Exercise requirements -> Your reply should consist solely of the lines from the start of the material below through the line containing "Gemütliches Weihnachtsfest im", reproduced exactly.

Exercise material ->
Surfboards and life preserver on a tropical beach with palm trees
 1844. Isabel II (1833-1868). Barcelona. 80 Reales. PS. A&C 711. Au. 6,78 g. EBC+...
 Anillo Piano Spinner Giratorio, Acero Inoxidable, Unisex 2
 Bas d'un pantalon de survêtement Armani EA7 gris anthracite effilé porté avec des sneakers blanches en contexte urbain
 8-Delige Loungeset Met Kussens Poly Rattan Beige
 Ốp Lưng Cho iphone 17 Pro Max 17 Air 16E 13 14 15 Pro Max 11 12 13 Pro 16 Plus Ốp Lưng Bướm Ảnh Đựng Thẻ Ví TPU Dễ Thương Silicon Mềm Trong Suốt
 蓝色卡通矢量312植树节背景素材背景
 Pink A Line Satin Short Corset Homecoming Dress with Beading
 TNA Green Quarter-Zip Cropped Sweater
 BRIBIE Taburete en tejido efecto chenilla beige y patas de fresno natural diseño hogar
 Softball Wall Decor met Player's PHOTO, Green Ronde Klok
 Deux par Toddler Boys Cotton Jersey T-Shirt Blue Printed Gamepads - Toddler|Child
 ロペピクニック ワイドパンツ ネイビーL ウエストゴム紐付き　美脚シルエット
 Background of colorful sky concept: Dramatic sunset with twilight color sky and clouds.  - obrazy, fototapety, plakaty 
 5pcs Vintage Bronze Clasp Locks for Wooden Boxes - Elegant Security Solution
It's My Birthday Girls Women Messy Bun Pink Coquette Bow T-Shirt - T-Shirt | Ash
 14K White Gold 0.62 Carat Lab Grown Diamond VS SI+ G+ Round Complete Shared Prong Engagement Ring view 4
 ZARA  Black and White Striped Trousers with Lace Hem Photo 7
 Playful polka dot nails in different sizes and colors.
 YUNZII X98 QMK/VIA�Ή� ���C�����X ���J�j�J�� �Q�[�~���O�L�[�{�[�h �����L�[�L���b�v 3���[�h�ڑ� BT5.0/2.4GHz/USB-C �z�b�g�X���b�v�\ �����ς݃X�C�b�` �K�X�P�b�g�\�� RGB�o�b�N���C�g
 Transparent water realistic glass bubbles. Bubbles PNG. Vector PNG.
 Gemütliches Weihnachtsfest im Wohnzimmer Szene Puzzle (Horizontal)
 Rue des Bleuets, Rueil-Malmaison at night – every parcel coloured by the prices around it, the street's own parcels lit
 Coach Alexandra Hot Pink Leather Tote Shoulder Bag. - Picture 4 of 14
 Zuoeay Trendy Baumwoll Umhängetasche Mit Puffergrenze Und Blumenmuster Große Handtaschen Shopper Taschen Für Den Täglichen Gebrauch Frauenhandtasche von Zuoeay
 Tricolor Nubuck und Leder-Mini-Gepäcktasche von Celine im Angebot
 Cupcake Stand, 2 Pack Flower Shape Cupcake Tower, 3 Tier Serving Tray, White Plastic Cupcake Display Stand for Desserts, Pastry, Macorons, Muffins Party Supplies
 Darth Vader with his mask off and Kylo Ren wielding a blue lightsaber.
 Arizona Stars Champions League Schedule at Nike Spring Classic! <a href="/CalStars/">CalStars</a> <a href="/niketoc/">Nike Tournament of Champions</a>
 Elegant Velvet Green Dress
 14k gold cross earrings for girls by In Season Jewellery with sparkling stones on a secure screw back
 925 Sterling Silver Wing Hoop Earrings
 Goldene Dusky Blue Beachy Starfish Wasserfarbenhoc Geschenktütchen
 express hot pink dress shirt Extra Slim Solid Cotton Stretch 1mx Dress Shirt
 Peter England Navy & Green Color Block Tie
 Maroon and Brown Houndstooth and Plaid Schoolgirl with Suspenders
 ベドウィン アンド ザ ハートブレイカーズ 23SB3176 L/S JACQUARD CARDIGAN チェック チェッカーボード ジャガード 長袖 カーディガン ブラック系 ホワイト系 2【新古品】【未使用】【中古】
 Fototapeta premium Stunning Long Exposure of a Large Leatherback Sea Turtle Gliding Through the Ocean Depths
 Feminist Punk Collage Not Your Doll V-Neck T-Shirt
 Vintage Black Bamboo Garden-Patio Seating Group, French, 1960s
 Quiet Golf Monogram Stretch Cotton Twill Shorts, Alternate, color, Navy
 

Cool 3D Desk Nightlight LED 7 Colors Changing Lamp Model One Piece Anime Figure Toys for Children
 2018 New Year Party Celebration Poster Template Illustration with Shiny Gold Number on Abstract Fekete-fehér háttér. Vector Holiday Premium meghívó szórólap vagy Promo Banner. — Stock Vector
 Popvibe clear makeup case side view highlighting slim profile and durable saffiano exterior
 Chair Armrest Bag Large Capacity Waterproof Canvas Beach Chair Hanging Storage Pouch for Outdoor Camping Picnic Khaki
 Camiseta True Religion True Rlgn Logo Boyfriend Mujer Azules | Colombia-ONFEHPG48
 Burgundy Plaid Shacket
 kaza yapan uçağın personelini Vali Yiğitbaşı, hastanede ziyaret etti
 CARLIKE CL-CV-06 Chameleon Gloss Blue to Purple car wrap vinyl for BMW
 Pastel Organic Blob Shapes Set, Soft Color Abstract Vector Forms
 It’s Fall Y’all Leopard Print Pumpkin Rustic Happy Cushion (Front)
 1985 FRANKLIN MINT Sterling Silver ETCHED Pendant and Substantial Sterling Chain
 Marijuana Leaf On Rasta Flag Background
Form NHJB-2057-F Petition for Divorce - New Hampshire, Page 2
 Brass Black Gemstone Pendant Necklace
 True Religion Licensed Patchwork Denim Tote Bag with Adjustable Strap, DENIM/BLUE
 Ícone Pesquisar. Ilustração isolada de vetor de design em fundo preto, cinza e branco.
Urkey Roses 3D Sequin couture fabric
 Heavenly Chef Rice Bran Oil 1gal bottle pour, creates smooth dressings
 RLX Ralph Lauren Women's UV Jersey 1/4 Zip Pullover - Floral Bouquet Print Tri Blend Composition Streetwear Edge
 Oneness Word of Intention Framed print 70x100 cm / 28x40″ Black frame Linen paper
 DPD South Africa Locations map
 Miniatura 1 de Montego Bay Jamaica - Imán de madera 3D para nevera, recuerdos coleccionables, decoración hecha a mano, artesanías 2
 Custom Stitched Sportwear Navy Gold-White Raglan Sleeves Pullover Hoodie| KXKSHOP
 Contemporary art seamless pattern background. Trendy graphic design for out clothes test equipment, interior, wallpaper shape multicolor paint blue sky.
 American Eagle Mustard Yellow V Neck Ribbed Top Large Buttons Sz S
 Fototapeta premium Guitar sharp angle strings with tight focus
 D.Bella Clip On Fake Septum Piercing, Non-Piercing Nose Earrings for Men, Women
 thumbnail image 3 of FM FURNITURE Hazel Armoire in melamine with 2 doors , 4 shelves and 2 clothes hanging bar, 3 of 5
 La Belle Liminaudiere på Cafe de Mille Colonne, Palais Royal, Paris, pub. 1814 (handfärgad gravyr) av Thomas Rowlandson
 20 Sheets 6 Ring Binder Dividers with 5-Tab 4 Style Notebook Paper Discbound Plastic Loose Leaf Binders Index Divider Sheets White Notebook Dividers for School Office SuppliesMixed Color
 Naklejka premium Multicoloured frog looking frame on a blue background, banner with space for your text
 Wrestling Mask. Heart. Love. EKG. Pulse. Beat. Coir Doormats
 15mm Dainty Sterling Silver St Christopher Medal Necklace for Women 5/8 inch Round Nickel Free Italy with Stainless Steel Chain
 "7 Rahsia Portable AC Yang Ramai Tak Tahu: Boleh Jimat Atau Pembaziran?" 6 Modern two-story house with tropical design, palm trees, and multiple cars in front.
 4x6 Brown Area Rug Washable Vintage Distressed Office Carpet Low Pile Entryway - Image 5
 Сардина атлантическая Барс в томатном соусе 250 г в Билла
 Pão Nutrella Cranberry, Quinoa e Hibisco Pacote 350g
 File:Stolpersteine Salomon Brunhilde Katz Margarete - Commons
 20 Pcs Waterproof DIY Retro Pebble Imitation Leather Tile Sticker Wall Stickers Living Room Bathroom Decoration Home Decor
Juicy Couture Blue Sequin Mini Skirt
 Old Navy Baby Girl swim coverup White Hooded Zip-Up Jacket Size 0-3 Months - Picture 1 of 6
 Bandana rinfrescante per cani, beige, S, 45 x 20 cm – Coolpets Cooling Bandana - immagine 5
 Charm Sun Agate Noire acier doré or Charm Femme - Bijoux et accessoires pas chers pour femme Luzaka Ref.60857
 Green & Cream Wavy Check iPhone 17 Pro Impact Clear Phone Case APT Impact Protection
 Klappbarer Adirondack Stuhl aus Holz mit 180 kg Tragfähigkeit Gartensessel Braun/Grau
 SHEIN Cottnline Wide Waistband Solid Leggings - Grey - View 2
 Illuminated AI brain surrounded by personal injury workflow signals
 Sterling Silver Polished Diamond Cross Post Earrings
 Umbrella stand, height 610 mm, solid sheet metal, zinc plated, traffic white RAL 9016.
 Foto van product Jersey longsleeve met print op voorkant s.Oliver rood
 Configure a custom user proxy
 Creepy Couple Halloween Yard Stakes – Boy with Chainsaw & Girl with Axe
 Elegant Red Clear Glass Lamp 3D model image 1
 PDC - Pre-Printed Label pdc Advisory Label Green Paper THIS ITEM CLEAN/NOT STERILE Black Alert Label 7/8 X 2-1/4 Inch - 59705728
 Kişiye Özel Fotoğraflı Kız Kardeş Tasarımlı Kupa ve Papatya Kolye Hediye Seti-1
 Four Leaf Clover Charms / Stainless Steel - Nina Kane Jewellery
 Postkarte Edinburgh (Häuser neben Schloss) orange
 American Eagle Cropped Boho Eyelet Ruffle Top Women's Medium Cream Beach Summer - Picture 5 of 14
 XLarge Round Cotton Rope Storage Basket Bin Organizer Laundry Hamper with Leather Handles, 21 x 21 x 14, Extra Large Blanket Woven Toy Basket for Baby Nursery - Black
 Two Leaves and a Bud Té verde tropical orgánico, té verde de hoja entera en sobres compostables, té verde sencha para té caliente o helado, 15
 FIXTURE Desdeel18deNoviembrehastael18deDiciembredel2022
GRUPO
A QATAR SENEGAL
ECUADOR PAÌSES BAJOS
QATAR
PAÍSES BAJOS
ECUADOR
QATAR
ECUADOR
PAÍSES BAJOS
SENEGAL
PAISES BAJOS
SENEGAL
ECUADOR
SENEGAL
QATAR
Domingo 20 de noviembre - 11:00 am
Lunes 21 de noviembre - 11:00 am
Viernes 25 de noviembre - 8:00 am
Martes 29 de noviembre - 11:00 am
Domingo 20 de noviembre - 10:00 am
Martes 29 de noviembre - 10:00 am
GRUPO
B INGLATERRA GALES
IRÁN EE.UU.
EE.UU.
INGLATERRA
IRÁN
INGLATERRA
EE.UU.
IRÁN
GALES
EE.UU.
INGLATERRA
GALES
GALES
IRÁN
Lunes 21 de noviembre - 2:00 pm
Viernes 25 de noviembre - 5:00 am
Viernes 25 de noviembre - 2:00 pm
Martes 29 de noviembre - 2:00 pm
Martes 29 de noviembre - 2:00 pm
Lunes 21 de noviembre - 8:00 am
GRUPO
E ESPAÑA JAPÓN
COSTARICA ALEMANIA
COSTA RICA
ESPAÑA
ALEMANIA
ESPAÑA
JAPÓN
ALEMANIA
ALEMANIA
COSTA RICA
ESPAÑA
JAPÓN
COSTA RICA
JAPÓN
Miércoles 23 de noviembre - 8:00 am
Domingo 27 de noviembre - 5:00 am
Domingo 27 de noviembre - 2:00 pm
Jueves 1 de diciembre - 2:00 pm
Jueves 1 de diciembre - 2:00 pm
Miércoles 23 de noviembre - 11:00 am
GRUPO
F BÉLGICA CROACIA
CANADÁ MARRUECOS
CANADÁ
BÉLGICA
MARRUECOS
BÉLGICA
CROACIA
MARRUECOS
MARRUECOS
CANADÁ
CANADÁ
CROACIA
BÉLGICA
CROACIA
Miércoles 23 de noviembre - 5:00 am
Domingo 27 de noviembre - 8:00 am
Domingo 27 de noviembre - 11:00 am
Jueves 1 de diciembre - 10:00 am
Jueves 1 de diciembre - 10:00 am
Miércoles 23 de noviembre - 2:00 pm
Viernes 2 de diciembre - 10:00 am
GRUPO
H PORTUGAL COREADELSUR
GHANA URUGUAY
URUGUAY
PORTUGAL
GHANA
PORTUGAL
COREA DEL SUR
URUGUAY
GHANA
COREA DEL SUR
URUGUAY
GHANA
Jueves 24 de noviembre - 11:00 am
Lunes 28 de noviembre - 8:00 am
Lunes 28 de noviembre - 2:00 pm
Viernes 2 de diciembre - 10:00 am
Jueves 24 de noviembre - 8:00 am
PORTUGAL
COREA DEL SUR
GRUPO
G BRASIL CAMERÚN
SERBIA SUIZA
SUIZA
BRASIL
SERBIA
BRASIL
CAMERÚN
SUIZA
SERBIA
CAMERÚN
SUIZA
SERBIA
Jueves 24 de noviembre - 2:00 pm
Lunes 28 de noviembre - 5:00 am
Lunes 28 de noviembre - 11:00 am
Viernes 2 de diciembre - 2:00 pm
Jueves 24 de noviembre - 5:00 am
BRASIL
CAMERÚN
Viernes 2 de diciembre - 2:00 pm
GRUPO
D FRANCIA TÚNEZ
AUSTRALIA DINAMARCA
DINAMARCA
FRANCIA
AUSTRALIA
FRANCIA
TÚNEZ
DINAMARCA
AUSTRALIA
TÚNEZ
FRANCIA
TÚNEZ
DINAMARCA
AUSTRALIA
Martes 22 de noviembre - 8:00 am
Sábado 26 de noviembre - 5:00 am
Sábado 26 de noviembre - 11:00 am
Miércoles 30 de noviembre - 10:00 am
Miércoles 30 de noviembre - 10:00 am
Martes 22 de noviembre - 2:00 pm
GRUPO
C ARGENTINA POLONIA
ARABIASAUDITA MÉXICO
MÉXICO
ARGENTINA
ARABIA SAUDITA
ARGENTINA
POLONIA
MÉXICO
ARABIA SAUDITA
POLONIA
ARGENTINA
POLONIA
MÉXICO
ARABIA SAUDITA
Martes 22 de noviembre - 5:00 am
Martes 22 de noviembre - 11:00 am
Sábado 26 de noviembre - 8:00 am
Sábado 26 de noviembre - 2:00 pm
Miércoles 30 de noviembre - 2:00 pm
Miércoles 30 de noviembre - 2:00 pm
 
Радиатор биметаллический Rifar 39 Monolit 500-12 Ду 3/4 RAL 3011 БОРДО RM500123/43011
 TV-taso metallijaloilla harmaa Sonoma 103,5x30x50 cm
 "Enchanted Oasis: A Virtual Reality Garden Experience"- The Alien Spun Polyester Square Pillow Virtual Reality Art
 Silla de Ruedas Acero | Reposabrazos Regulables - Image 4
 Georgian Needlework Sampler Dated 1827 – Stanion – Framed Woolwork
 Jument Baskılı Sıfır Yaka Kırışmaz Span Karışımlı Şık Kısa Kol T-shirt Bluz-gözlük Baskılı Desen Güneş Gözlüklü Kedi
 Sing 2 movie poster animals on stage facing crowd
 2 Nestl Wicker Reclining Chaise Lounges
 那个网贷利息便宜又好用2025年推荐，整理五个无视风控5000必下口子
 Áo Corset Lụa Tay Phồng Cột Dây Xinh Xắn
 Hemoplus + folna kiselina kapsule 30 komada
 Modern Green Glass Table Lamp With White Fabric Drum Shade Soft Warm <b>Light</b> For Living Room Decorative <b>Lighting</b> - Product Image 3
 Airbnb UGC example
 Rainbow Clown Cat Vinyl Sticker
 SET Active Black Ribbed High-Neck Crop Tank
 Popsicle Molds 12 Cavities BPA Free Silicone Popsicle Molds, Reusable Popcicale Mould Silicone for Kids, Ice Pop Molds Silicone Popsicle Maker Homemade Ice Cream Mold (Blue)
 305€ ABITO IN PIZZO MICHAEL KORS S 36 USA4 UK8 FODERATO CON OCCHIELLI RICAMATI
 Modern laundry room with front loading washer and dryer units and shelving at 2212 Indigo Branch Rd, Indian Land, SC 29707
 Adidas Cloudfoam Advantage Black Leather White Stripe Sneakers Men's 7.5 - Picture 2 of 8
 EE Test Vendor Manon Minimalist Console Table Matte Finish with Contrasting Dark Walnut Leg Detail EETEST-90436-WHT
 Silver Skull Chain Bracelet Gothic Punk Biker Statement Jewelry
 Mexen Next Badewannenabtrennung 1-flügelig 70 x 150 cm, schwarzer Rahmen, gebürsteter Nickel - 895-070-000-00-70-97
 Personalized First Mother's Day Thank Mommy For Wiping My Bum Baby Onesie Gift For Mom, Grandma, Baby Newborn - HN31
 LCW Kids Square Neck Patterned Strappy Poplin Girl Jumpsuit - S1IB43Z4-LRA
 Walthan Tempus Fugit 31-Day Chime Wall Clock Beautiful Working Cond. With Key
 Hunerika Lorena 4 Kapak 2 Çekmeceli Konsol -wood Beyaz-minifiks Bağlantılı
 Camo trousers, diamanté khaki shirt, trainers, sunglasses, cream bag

Solved problem ->
Surfboards and life preserver on a tropical beach with palm trees
 1844. Isabel II (1833-1868). Barcelona. 80 Reales. PS. A&C 711. Au. 6,78 g. EBC+...
 Anillo Piano Spinner Giratorio, Acero Inoxidable, Unisex 2
 Bas d'un pantalon de survêtement Armani EA7 gris anthracite effilé porté avec des sneakers blanches en contexte urbain
 8-Delige Loungeset Met Kussens Poly Rattan Beige
 Ốp Lưng Cho iphone 17 Pro Max 17 Air 16E 13 14 15 Pro Max 11 12 13 Pro 16 Plus Ốp Lưng Bướm Ảnh Đựng Thẻ Ví TPU Dễ Thương Silicon Mềm Trong Suốt
 蓝色卡通矢量312植树节背景素材背景
 Pink A Line Satin Short Corset Homecoming Dress with Beading
 TNA Green Quarter-Zip Cropped Sweater
 BRIBIE Taburete en tejido efecto chenilla beige y patas de fresno natural diseño hogar
 Softball Wall Decor met Player's PHOTO, Green Ronde Klok
 Deux par Toddler Boys Cotton Jersey T-Shirt Blue Printed Gamepads - Toddler|Child
 ロペピクニック ワイドパンツ ネイビーL ウエストゴム紐付き　美脚シルエット
 Background of colorful sky concept: Dramatic sunset with twilight color sky and clouds.  - obrazy, fototapety, plakaty 
 5pcs Vintage Bronze Clasp Locks for Wooden Boxes - Elegant Security Solution
It's My Birthday Girls Women Messy Bun Pink Coquette Bow T-Shirt - T-Shirt | Ash
 14K White Gold 0.62 Carat Lab Grown Diamond VS SI+ G+ Round Complete Shared Prong Engagement Ring view 4
 ZARA  Black and White Striped Trousers with Lace Hem Photo 7
 Playful polka dot nails in different sizes and colors.
 YUNZII X98 QMK/VIA�Ή� ���C�����X ���J�j�J�� �Q�[�~���O�L�[�{�[�h �����L�[�L���b�v 3���[�h�ڑ� BT5.0/2.4GHz/USB-C �z�b�g�X���b�v�\ �����ς݃X�C�b�` �K�X�P�b�g�\�� RGB�o�b�N���C�g
 Transparent water realistic glass bubbles. Bubbles PNG. Vector PNG.
 Gemütliches Weihnachtsfest im Wohnzimmer Szene Puzzle (Horizontal)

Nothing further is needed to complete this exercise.